The European Commission has opened infringement procedures against France, Italy and Luxembourg for failing to implement the Settlement Finality Directive in wholesale payments processing.
The admonishment comes in an EU communique calling for a "quantum leap" towards rapid implementation of the Financial Services Action Plan, designed to usher in a single market in financial services by 2005.
In its latest progress report, the Commission has suggested a set of critical priorities for the coming six months. The report also suggests possible benchmarks for indicating trends and developments in market integration.
Internal market commissioner Frits Bolkestein comments: "Without a single financial market, consumers and businesses will continue to pay over the odds and Europe's financial services cannot realise their full potential.

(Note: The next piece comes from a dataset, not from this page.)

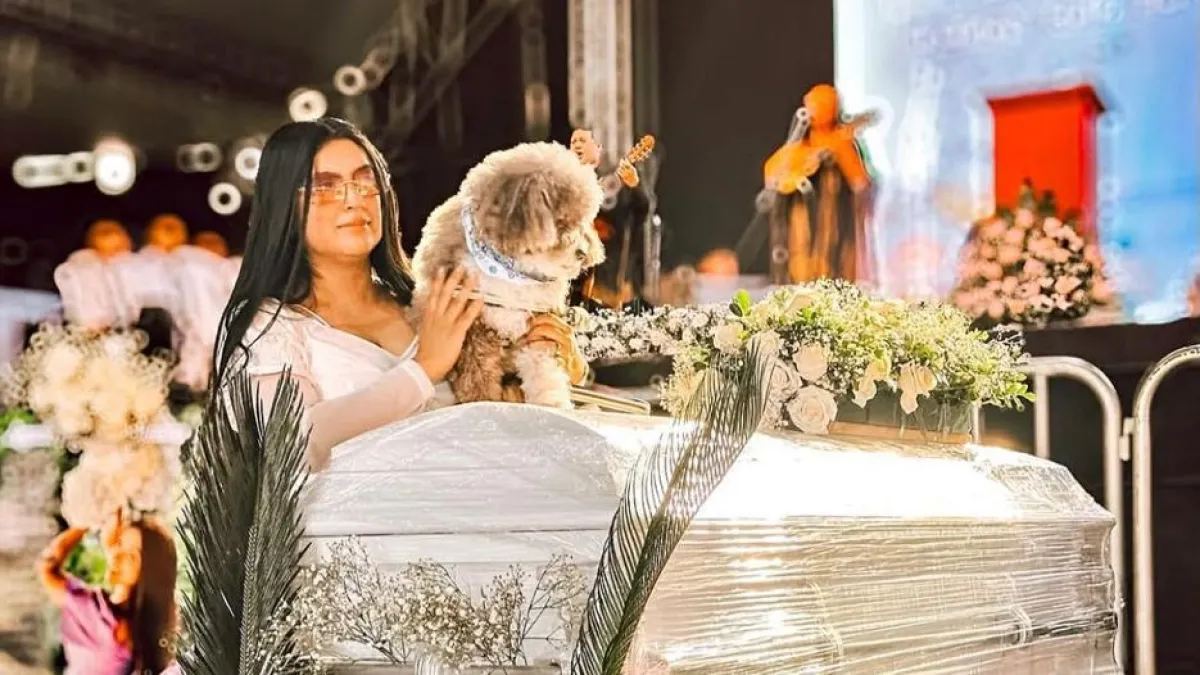 Loyal dog rests on owner's coffin in heartbreaking farewell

Implementation of the Financial Services Action Plan is crucial to this goal."
Within the wholesale markets, the Commission priorities for the next six months include a proposal for a Directive on the cross-border use of collateral, and an upgrade of the Investment Services Directive. In the retail markets, the Commission is to issue a Communication setting out an e-commerce policy for financial services. The EU's Directive on Distance Marketing of Financial Services is also expected to be passed within the timeframe.
In order to monitor trends and developments in market integration the Commission is proposing a benchmarking of certain key indicators, including: developments in the use of cross-border collateral in the EU financial markets; and on-line provision, penetration and transaction costs of financial services, particularly in the retail sector.
France, Italy and Luxembourg are singled out in the report for their tardiness in implementing the Settlement Finality Directive. The Commission says it has opened infringement procedures aimed at bringing the laggards into line.